Handball (kf). Eigentlich kam Walter Gärtner zum Handball wie die Jungfrau zum Kind. Als er seinen damals siebenjährigen Filius Daniel 1977 zum ersten Training in der Halle Nord ablieferte, dauerte es nicht lange und der Handball hatte Vater Walter fest im Griff. Das Spiel ließ ihn einfach nicht mehr los, und die Halle Nord wurde so zu seiner zweiten Heimat.

veröffentlicht am 12.07.2012 um 06:00 Uhr
aktualisiert am 28.10.2016 um 01:21 Uhr

Als Betreuer der E-Jugend hat vor 35 Jahren einmal alles begonnen. Und beim VfL erkannte man schnell, dass „dieser Mann für höhere Aufgaben geeignet war“. Als die Position des Jugend-Spielwartes neu zu vergeben war, sprachen die Verantwortlichen der Handball-Abteilung einfach mal Walter Gärtner an. Der überlegte nicht lange und übernahm die neue Aufgabe. Mit klarer Struktur und deutlicher Ansage: „Wenn ich das mache, dann mache ich es richtig oder gar nicht.“ Dass der inzwischen 71-jährige Rentner im Unruhestand einige Jahre später einmal das Amt des Männer-Spielwartes übernahm, war eigentlich vorprogrammiert.

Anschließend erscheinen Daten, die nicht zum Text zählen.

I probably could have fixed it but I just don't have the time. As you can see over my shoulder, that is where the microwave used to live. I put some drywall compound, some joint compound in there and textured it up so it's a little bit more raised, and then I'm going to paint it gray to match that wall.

Wenn die VfL-Teams in der Halle Nord spielten, lief nichts ohne Walter. Egal, ob Bundesliga oder Kreisklasse. Und wenn eine Mannschaft beim Training mal vor verschlossener Tür stand, kein Problem. Ein Anruf bei Gärtners genügte. Auch an den Spielplänen und Trainingszeiten, die der Spielwart punktgenau ausarbeitete, gab es nichts zu rütteln.

Als vor wenigen Monaten das Kapitel Halle Nord jäh endete, kam Walter Gärtner ins Grübeln. Und er traf eine Entscheidung, die ihm sicher nicht leichtfiel. Das VfL-Urgestein entschloss sich, die Aufgaben in jüngere Hände zu legen. Detlef Henke wurde sein Nachfolger.

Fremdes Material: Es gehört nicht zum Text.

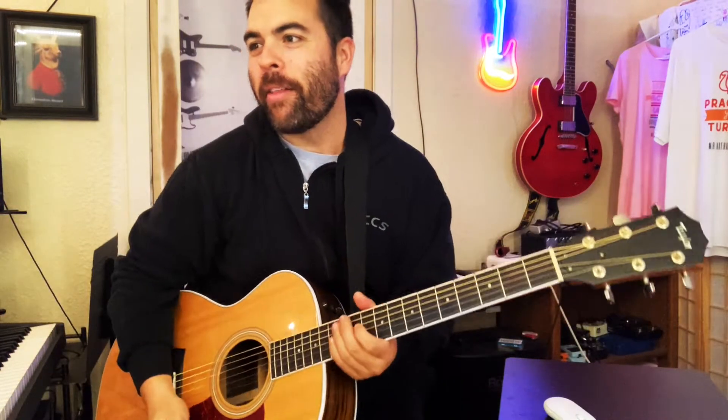Hey there everybody, this is Mr. Nathan. Just going to do a really quick lesson on the song Rose by D.O. One of my students recommended this song to me — I'd never heard it before. I've heard it a couple times now. There are really three parts you need to learn to play the song. It's a super catchy song, great for acoustic playing, and if you're just comfortable with open chords, it's a great song for that.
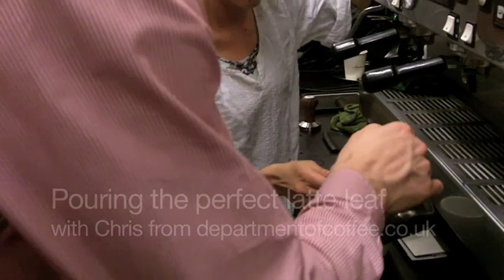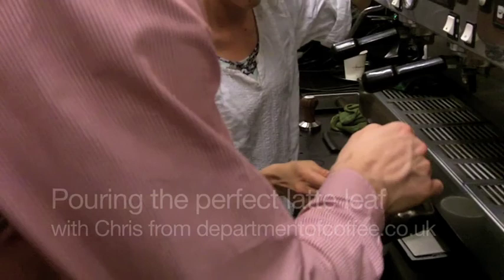What we're going to do is get rid of the wiggle and just do a simple heart, which is what I meant to do last time. Come into the middle and then you'll see the milk start to come up — just follow through. The milk is bouncing off the back and coming back at you.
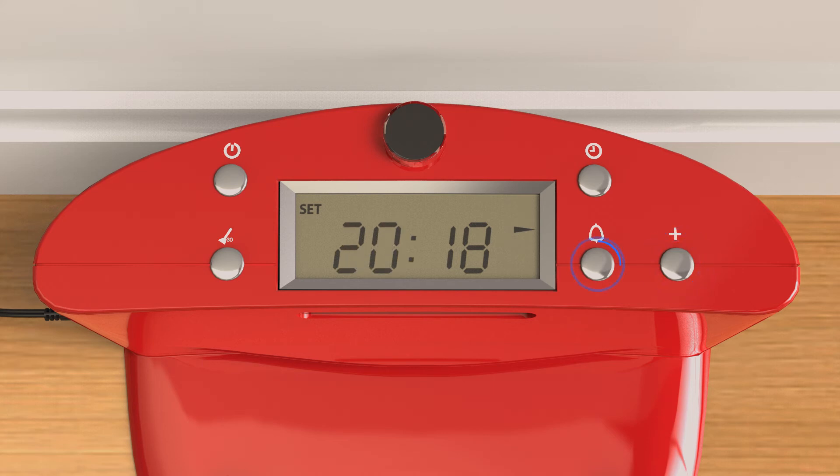Press the bell button again and you will see the Sunday icon flash. If you would like Bob to clean on the selected weekday, wait until the icon stops flashing then press the plus button to move on to the next weekday. If you would like to bypass the day on Bob's cleaning schedule, press the plus button while the weekday icon is still flashing. To save your settings, press the go button to the left of the display.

Doch so ganz ohne Handball läuft es bei Gärtners einfach nicht rund. Schließlich müssen auch in der Sporthalle Afferde, dem neuen Domizil des VfL Hameln, die Zuschauer versorgt werden. Gemeinsam mit seiner Ehefrau Roswitha wird Walter Gärtner auch hier die Spieler und Fans mit Getränken und den heiß geliebten belegten Brötchen versorgen.